U.N. panel on Sri Lanka conflict delivers report

An aerial view of a former battlefront can be seen from the helicopter carrying U.N. Secretary-General Ban Ki-moon during his visit, which also included a visit to the refugee camp called Manik Farm, on the outskirts of the northern Sri Lankan town of Vavuniya May 23, 2009 A panel of experts set up to advise U.N. chief Ban Ki-moon on possible war crimes at the end of Sri Lanka’s war against Tamil Tiger rebels delivered its report to him on Tuesday, the United Nations said.

The report by the panel, whose appointment was strongly criticized by the Colombo government, was not immediately made public. U.N. spokesman Farhan Haq said it was first being given to Sri Lanka and would be published fairly soon.

Government forces defeated the Liberation Tigers of Tamil Eelam in May 2009 after a quarter-century conflict that killed thousands of people. The end of the war displaced large numbers of people in the north of the island state.

Sri Lanka’s government denies any war crimes were committed but human rights groups say both the government and the Tigers, who were seeking to set up a separate Tamil state, were guilty of rights violations.

The three-member U.N. panel was set up soon after Ban visited Sri Lanka shortly after the end of the conflict. Colombo blasted it as "an unwarranted and unnecessary interference with a sovereign nation."

Sri Lanka set up its own Lessons Learnt and Reconciliation Commission (LLRC), which human rights groups have said lacks credibility and impartiality. The commission is due to report to the Sri Lankan government next month.

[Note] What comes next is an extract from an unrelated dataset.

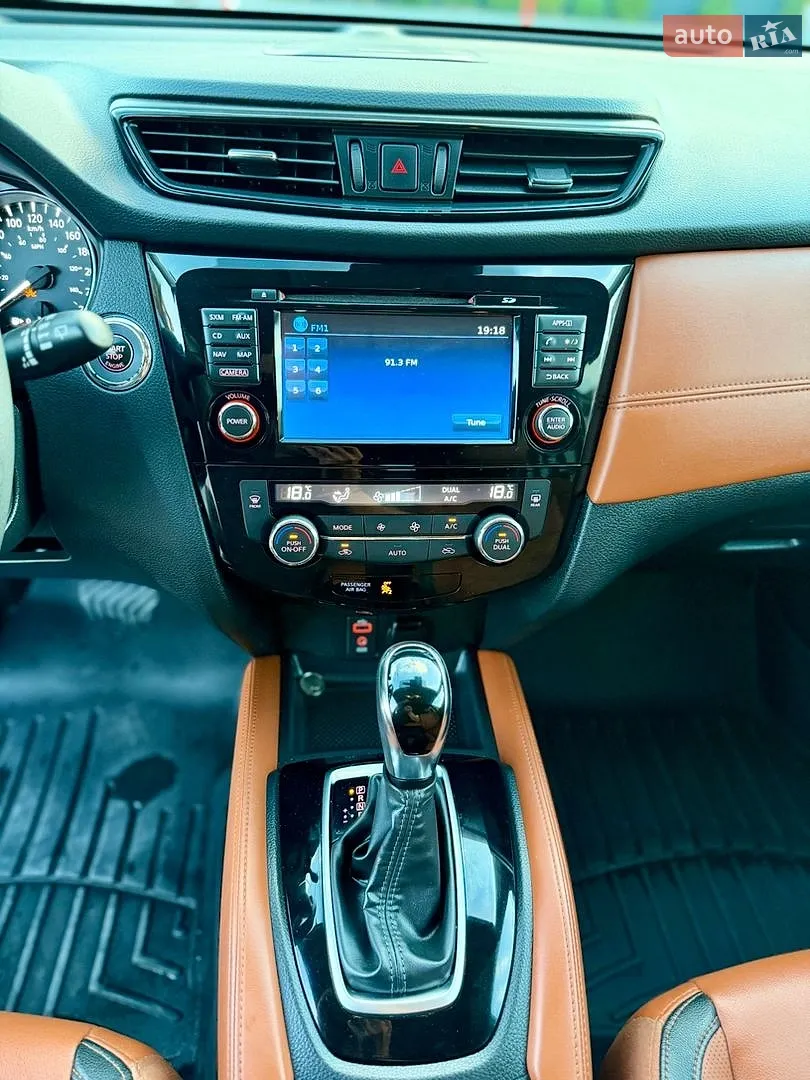 2017 Nissan Rogue - мініатюра 21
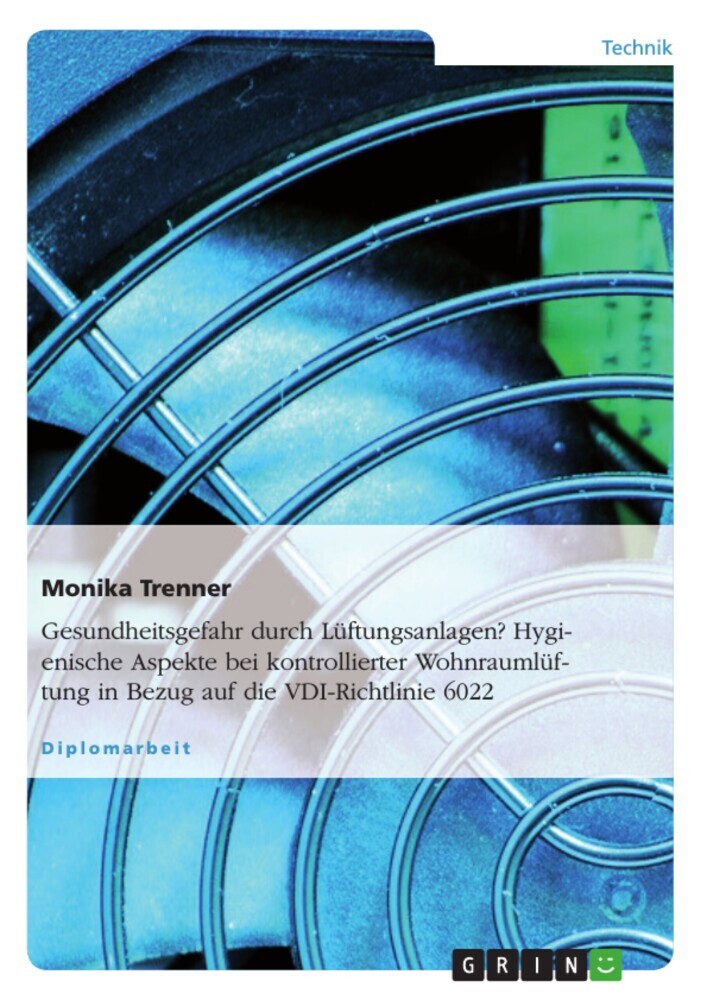 Gesundheitsgefahr durch Lüftungsanlagen? main product photo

A Sri Lankan government spokesman said last December the U.N. panel "will be given visas only to testify before the LLRC if they request (that) and not for any investigations." U.N. officials said they understood that because of that restriction the U.N. panel had not visited Sri Lanka.

In a statement on Tuesday, New York-based Human Rights Watch said that almost two years after the war, Sri Lanka had "taken no steps to hold anyone on either side of the conflict accountable for serious violations of international law."

The U.N. group’s official mandate called on it to examine "the modalities, applicable international standards and comparative experience with regard to accountability processes" relating to the final stages of the conflict in Sri Lanka.

Haq said Ban "will study the report carefully and will determine his next steps in the coming days."

The panel is led by former Indonesian attorney general Marzuki Darusman. The other two members are South African human rights expert Yasmin Sooka and U.S. lawyer Steven Ratner. They began their work last September.